Il y a longtemps que j’ai dit qu’une constitution étant la garantie de la liberté d’un peuple, tout ce qui tenait à la liberté était constitutionnel, mais que rien n’était constitutionnel de ce qui n’y tenait pas : qu’étendre une constitution à tout, c’était faire de tout des dangers pour elle, et créer des écueils pour l’en entourer : qu’il y avait de grandes bases, auxquelles toutes les autorités nationales ne pouvaient toucher ; mais que la réunion de ces autorités pouvait faire tout ce qui n’était pas contraire à ces bases.

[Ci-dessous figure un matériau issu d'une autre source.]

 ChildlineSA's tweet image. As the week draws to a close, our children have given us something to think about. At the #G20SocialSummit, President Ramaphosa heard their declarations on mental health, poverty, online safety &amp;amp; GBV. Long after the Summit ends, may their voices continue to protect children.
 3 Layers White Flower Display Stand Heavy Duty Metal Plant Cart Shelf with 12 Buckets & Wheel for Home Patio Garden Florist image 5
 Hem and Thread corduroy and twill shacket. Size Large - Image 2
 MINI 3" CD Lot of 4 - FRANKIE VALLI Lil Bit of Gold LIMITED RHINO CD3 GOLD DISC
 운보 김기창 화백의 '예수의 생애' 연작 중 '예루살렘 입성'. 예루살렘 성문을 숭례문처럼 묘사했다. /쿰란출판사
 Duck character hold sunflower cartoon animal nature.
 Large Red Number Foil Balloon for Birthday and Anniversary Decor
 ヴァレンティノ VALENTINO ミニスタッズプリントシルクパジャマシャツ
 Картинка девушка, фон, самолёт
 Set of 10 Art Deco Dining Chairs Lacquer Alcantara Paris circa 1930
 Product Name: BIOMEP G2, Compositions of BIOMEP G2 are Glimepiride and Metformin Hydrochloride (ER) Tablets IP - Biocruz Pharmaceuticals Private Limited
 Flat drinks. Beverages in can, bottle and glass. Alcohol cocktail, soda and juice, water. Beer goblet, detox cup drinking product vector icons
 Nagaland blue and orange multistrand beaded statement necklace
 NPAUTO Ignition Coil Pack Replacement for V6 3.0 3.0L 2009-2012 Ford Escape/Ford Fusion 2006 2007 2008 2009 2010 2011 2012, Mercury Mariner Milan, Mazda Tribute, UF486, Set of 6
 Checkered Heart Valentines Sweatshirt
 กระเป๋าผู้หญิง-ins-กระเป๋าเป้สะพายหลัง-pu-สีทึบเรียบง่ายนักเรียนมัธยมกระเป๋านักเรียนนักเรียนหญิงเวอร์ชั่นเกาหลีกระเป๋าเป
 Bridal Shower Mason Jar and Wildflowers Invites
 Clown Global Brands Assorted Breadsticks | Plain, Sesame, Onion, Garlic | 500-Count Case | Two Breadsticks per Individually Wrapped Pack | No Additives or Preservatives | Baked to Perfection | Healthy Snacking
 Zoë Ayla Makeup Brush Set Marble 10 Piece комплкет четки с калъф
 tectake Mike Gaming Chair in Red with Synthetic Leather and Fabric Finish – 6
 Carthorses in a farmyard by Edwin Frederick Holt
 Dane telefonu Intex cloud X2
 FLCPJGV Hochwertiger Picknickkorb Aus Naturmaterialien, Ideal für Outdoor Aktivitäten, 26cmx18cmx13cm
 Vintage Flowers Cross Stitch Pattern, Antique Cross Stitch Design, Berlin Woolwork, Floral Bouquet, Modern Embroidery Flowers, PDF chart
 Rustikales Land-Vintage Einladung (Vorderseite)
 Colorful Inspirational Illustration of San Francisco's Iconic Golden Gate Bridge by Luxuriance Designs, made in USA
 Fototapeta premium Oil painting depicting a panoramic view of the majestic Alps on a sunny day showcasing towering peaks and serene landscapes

Je pense donc qu’il n’est point superflu d’examiner l’ensemble et les détails de notre constitution, puisque revêtue du suffrage national, elle pourra être encore perfectionnée. L’on retrouvera souvent, dans les recherches que je publie, non-seulement les mêmes idées, mais les mêmes paroles que dans mes précédents écrits. Il y a bientôt vingt ans que je m’occupe de considérations politiques, et j’ai toujours professé les mêmes opinions, énoncé les mêmes vœux. Ce que je demandais alors, c’était la liberté individuelle, la liberté de la presse, l’absence de l’arbitraire, le respect pour les droits de tous. C’est là ce que je réclame aujourd’hui avec non moins de zèle et plus d’espérance.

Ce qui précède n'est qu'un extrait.